What is {ℝ}???

kokolovehuh

Hi,
Someone I know tried to convey me the meaning of {[itex]ℝ[/itex]}, stating it represents a set of real numbers. But using notation, {[itex]ℝ[/itex]}, is implying that the real space is (improperly) contained in a set, and I don't think this makes any logical sense.
On the other hand, we can say {[itex]x \in S | \forall S \in ℝ[/itex]}, etc....or simply [itex]x \in ℝ[/itex].
Another way of thinking about this is instead of putting your foot in a sock, you are putting the sock into your foot and it's disturbing.

Am I right or wrong?

Thanks

jbunniii

It is perfectly valid to put sets inside of other sets. For example, we may consider the set of all subsets of the complex numbers ##\mathbb{C}##. This is called the power set of ##\mathbb{C}## and is sometimes given the notation ##\mathcal{P}(\mathbb{C})## or ##2^\mathbb{C}##. Any subset of ##\mathbb{C}## is an element of ##\mathcal{P}(\mathbb{C})##. For example, we have ##\mathbb{R} \subset \mathbb{C}## and ##\mathbb{R} \in \mathcal{P}(\mathbb{C})##. We can form subsets of ##\mathcal{P}(\mathbb{C})## in the usual way, by putting elements of ##\mathcal{P}(\mathbb{C})## into a set. Thus ##\{\mathbb{Z}, \mathbb{Q}, \mathbb{R}\} \subset \mathcal{P}(\mathbb{C})##, and a special case is a subset containing only one set, such as your example: ##\{\mathbb{R}\} \subset \mathcal{P}(\mathbb{C})##.

kokolovehuh

Thanks bjunniii, you have a good point. However, let me rephrase my doubt.

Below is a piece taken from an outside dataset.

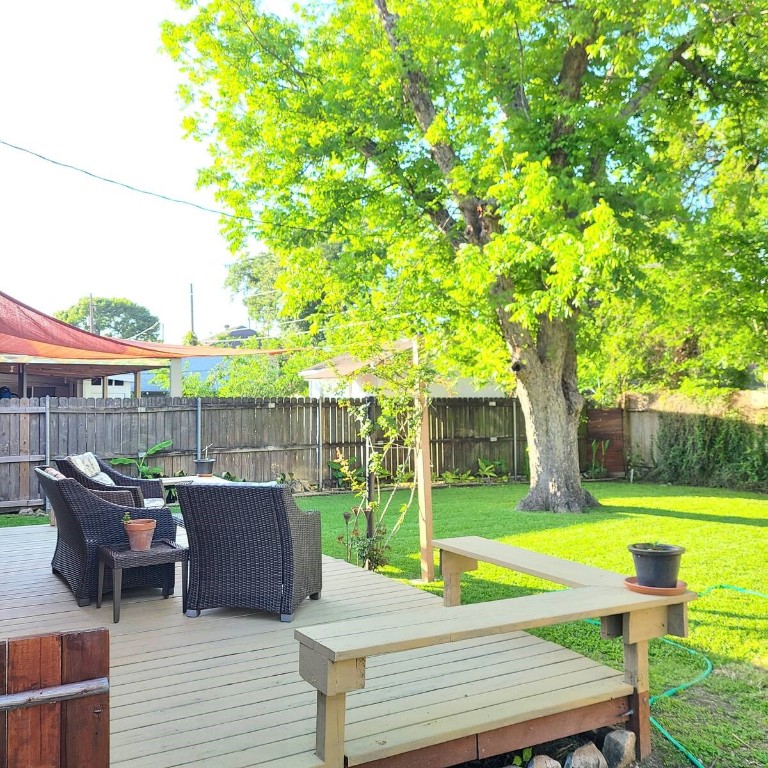 1427 Munger Street Houston, TX 77023 - Photo 22 of 24 a view of a patio with table and chairs potted plants and palm tree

We want to use a notation to represent a set of all real number, say [itex]X[/itex]. It is immediately apparent that [itex]x \in X \subseteq ℝ[/itex] for some real number [itex]x[/itex]. In this case, we are not not considering any stronger set, for instance, [itex]P(ℂ)[/itex] as you mentioned.
Now having limited ourselves to real space, it is rather redundant to say the set is represented as {[itex]ℝ[/itex]} because since [itex]ℝ[/itex] is not a proper subspace in this case. This is the reason why I said "this does not make any logical sense"; I am ridiculed by those curly brackets!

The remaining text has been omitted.